§ **Directions**
Starting with the line that contains "Pazifikzaunkönig - ML644701200", give again exactly and only each line through the end of the records; include the last line and exclude pictures.

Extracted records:
======

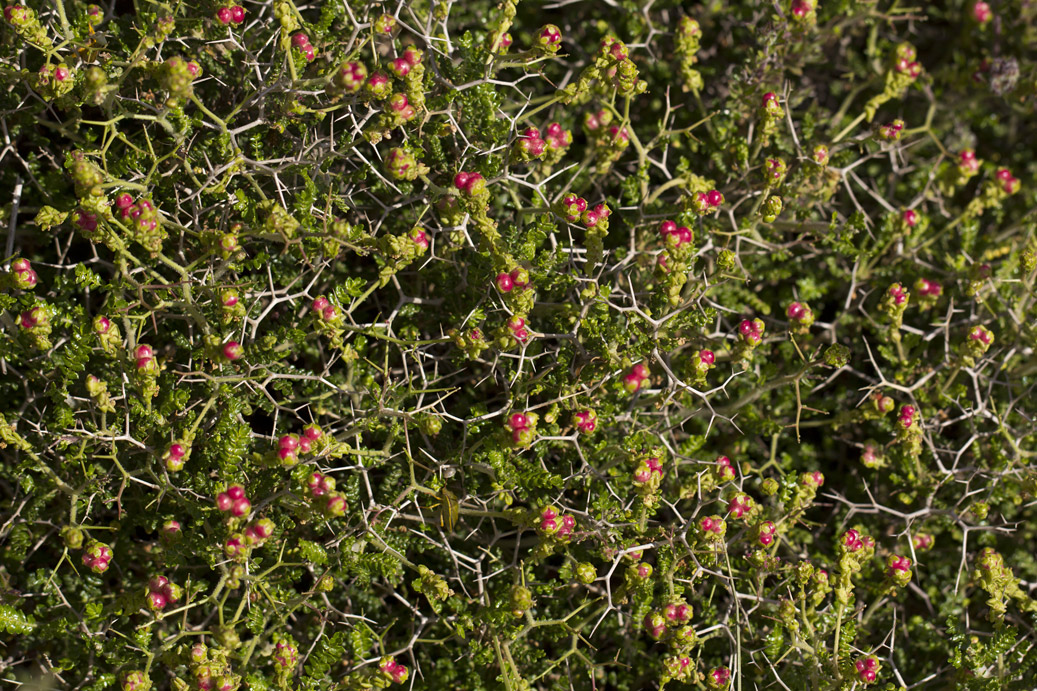 Изображение особи Sarcopoterium spinosum.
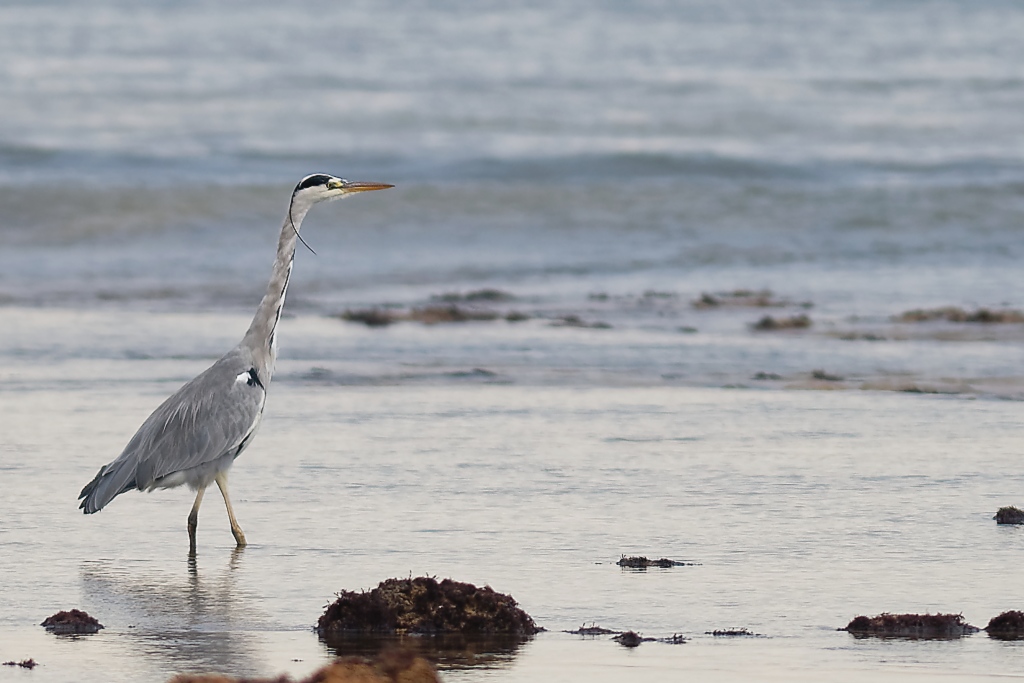 DSC_3861_DxO.jpg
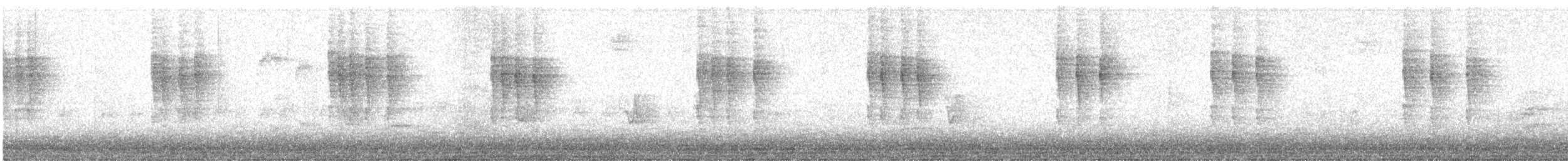 Pazifikzaunkönig - ML644701200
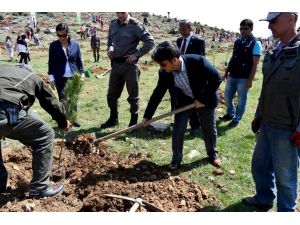 Seydişehir'den kısa kısa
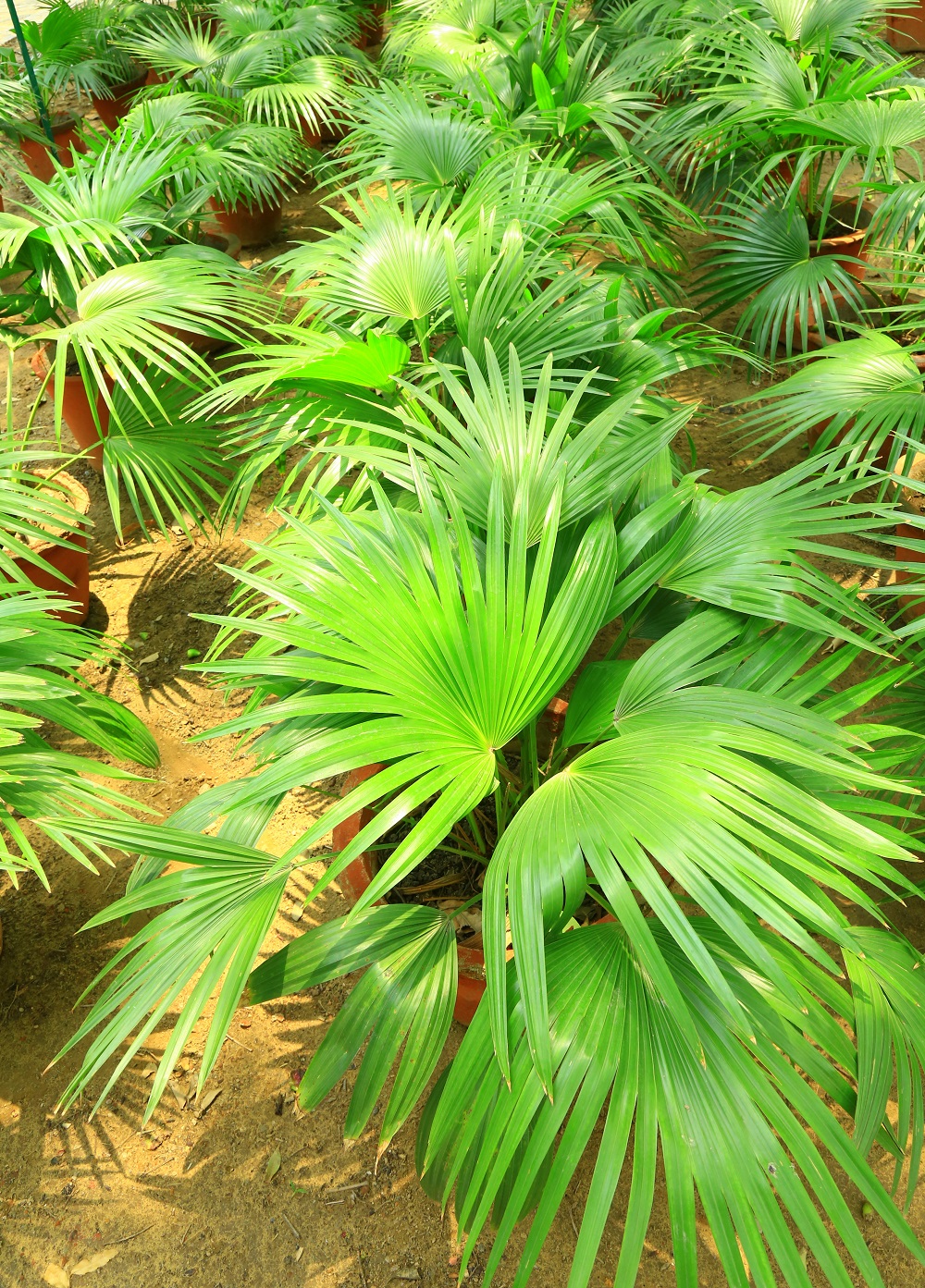 लिविस्टोना पाम
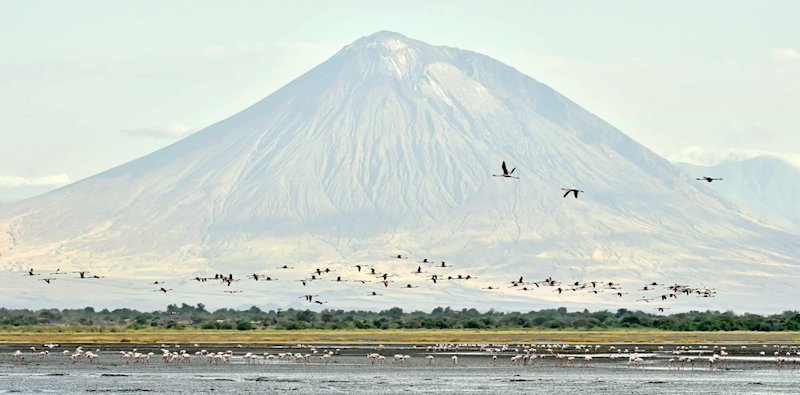 Mt Ol Doinyo Lengai soars above Lake Natron and its countless water birds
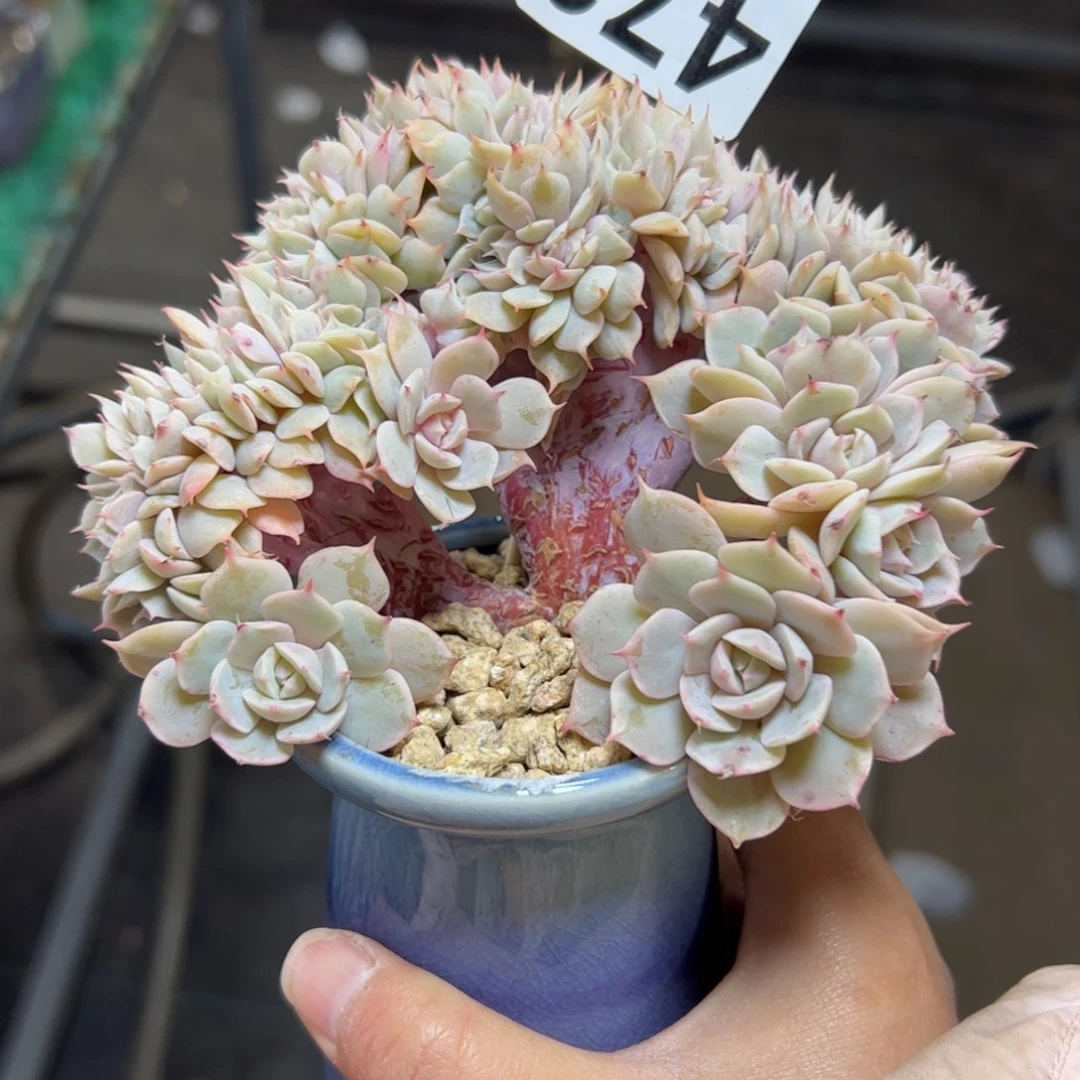 473 满38包邮一物一拍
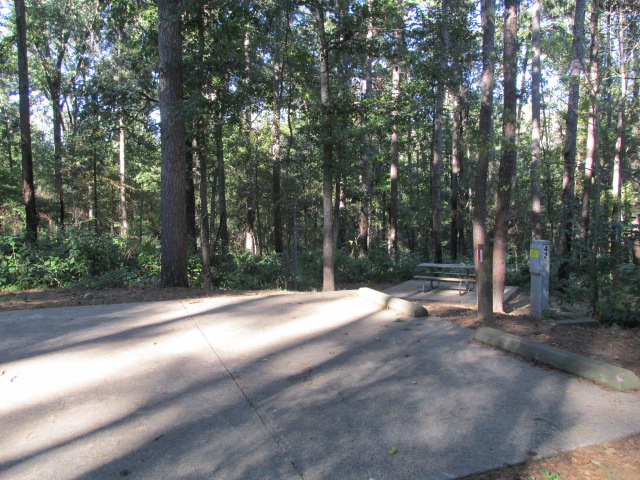 Site #42 in the Cherokee Trace Camping Area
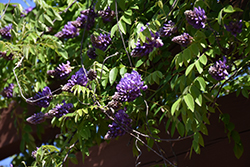 Blue Moon Wisteria (Wisteria macrostachya 'Blue Moon') at Debbie's Greenhouse & Garden Centre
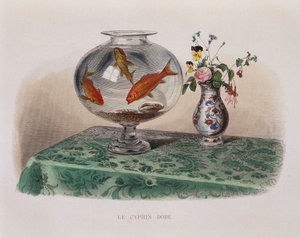Les poissons rouges (poissons rouges dans leur bocal) - dans « Lacepède »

======

§ **Reply to the task**
 Pazifikzaunkönig - ML644701200
 Seydişehir'den kısa kısa
 लिविस्टोना पाम
 Mt Ol Doinyo Lengai soars above Lake Natron and its countless water birds
 473 满38包邮一物一拍
 Site #42 in the Cherokee Trace Camping Area
 Blue Moon Wisteria (Wisteria macrostachya 'Blue Moon') at Debbie's Greenhouse & Garden Centre
Les poissons rouges (poissons rouges dans leur bocal) - dans « Lacepède »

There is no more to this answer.